For me to be able to say there is something it is like to see red, then I must know what it is like to see red.  That is, I must have knowledge of the subjective aspect of experience. That is phenomenal knowledge.

How we understand phenomenal knowledge depends on our approach to consciousness.  If we take consciousness to be some absolutely subjective aspect of experience, then phenomenal knowledge can be understood in one of two ways: it can also be entirely subjective, or it can "bridge the gap" between subjectivity and objectivity. 

But we do not have to think there is any absolutely subjective aspect of experience, and so we need not understand phenomenal knowledge in this way.  In my view, there is no gap to bridge.  There is no abyss between subjectivity and objectivity.  There is only grammar.

In a recent email to Torin Alter (available on my blog [link]), I explained my take on phenomenal knowledge with specific reference to Frank Jackson's Knowledge Argument.  (If you're not all that familiar with Jackson's argument and "the case of Mary," I highly recommend Alter's entry on it for The Internet Encyclopedia of Philosophy [link].)
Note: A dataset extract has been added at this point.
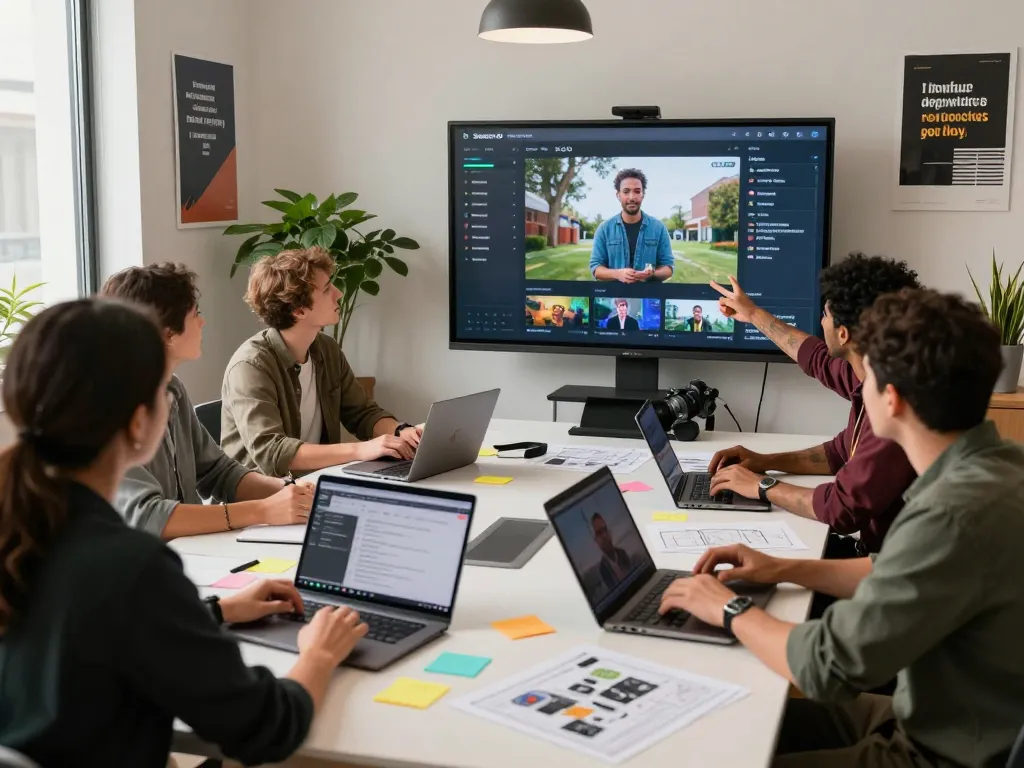 Collaboration on video project using seedance 2.0 in a modern workspace.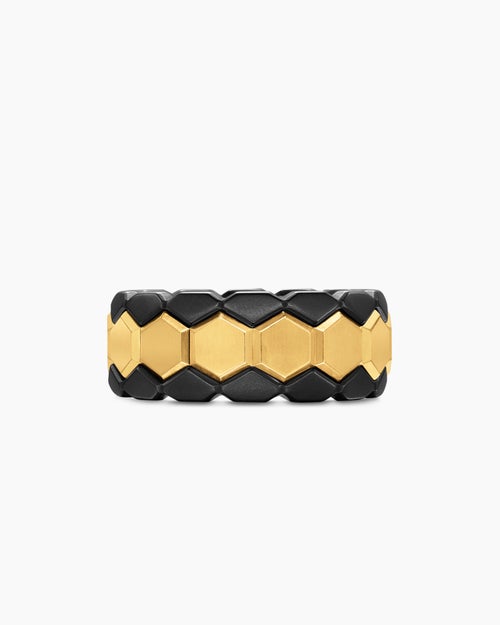 Mens Hex Stack Ring in 18ct Yellow Gold with Black Titanium, 9.3mm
So how do we understand phenomenal knowledge without absolute subjectivity?  The mistake is in thinking that phenomenal knowledge is propositional knowledge, or information about any qualities of experience.  Phenomenal knowledge does not tell us anything about our experiences.  Rather, phenomenal knowledge is a specific kind of ability:  the ability to identify objects of experience using a language. 

When I say "I know what it is like to see red," all I mean is that I know how to use the word "red" to identify objects of experience.  That knowledge is now knowledge about the experience of seeing red at all.  It is only knowledge about how to use the language.

So, there is no reason to think that there will always be something to learn about color vision (or any other experience) beyond what science can teach us.  While scientific analysis and description will not give us the experience of seeing red, for example, it can tell us everything there is to know about that (and any other) experience.  And we can know all about these experiences without having them.  Indeed, the mere fact of having them does not guarantee that we will know them at all.  The point is that knowing an experience and having that experience are two different things, and neither one requires the other.  (Another way of putting this goes back to your initial observation in this discussion:  that the distinction between "what it is like to be something" and "what it is to be something" is unfounded.  Science can tell us whatever there is to know about what bats are, and we are mistaken if we think there is anything beyond that "which it is like" to be a bat.)

Thus there is no basis for claiming some "absolutely subjective" component to experience.  There is simply experience.  Whatever we mean by the word "consciousness," we should not assume there is any great mystery, or any "gap" (or even an abyss!)  There is only our language and our tendency to use it poorly.

Sorry for the length of this post.  Hopefully some readers will find it useful.